In 2023, Chen introduced an innovative method addressing challenges in high-dimensional distributed systems, proposing an efficient algorithm for abess.

A distributed system is a computational model that distributes computing tasks across multiple independent nodes to achieve more efficient, reliable, and scalable data processing. In a distributed system, individual computing nodes can work simultaneously, collaboratively completing the overall tasks, thereby enhancing system performance and processing capabilities.

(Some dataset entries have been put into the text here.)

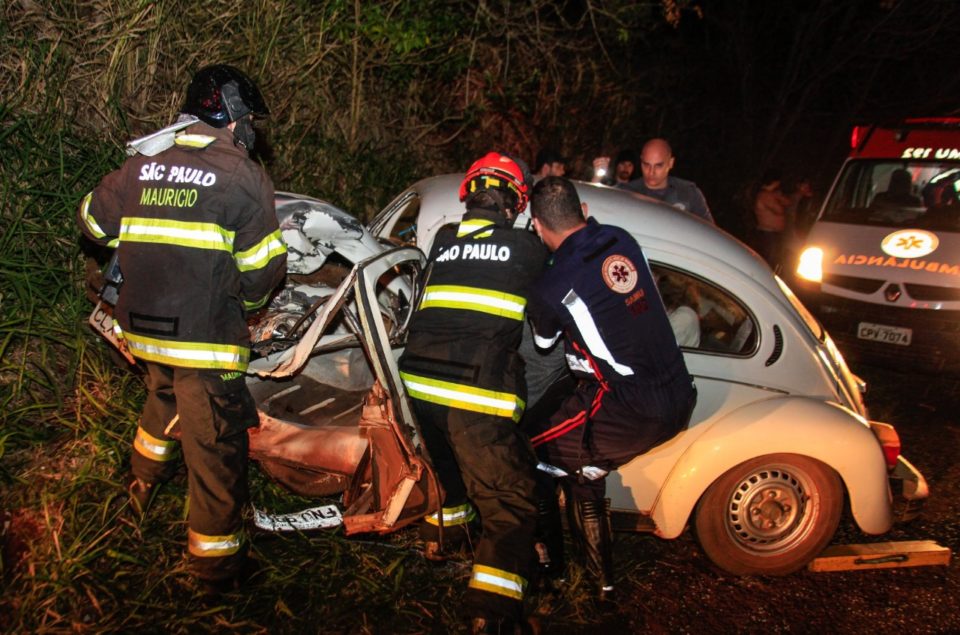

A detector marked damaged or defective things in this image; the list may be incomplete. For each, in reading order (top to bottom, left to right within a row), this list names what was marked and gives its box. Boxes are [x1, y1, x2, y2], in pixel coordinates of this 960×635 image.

shattered windshield [816, 160, 960, 232]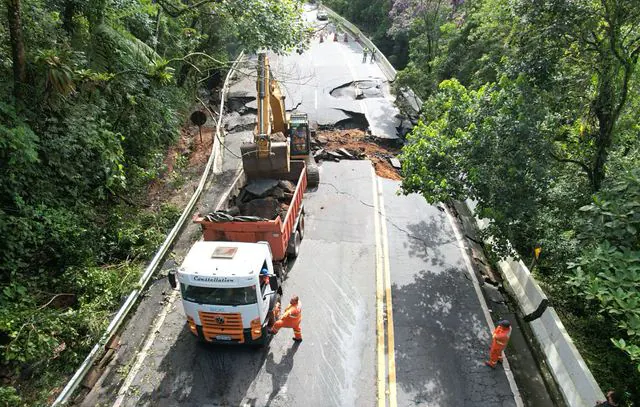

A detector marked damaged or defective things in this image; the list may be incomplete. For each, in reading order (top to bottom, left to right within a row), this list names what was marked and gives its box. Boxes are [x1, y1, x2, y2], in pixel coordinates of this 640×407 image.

broken concrete chunk [244, 180, 278, 198]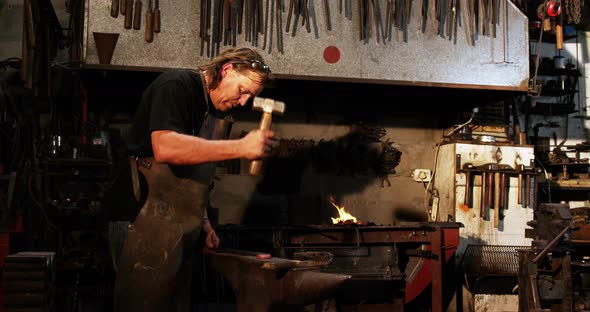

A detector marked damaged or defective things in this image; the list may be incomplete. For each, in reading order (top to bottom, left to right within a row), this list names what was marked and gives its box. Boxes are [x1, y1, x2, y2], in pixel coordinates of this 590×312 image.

rusty metal surface [84, 0, 532, 90]
rusty metal surface [208, 251, 352, 310]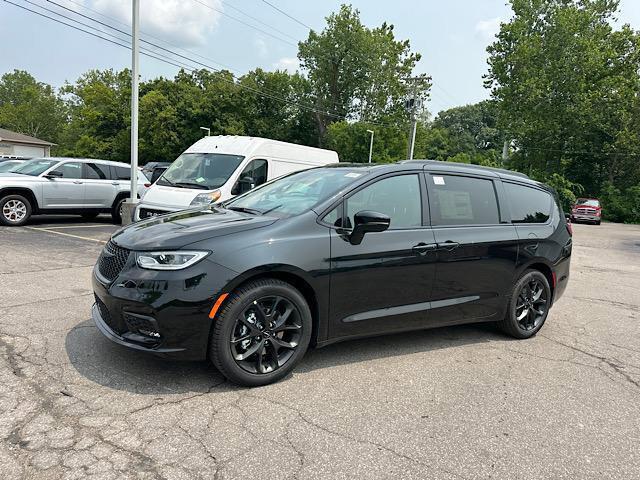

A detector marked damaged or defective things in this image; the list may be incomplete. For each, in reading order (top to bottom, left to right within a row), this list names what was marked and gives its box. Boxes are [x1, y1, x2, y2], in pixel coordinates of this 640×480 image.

cracked pavement [1, 218, 640, 480]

However, within distributed systems, there is a lack of efficient algorithms for optimal subset selection. To address this gap, Chen introduces a novel communication-efficient approach for handling optimal subset selection in distributed systems.

== Software Package ==

The abess library. (version 0.4.5) is an R package and python package based on C++ algorithms. It is open-source on GitHub. The library can be used for optimal subset selection in linear regression, (multi-)classification, and censored-response modeling models. The abess package allows for parameters to be chosen in a grouped format. Information and tutorials are available on the abess homepage.

== Application ==

abess can be applied in biostatistics, such as assessing the robust severity of COVID-19 patients, conducting antibiotic resistance in Mycobacterium tuberculosis, exploring prognostic factors in neck pain, and developing prediction models for severe pain in patients after percutaneous nephrolithotomy. abess can also be applied to gene selection. In the field of data-driven partial differential equation (PDE) discovery, Thanasutives applied abess to automatically identify parsimonious governing PDEs.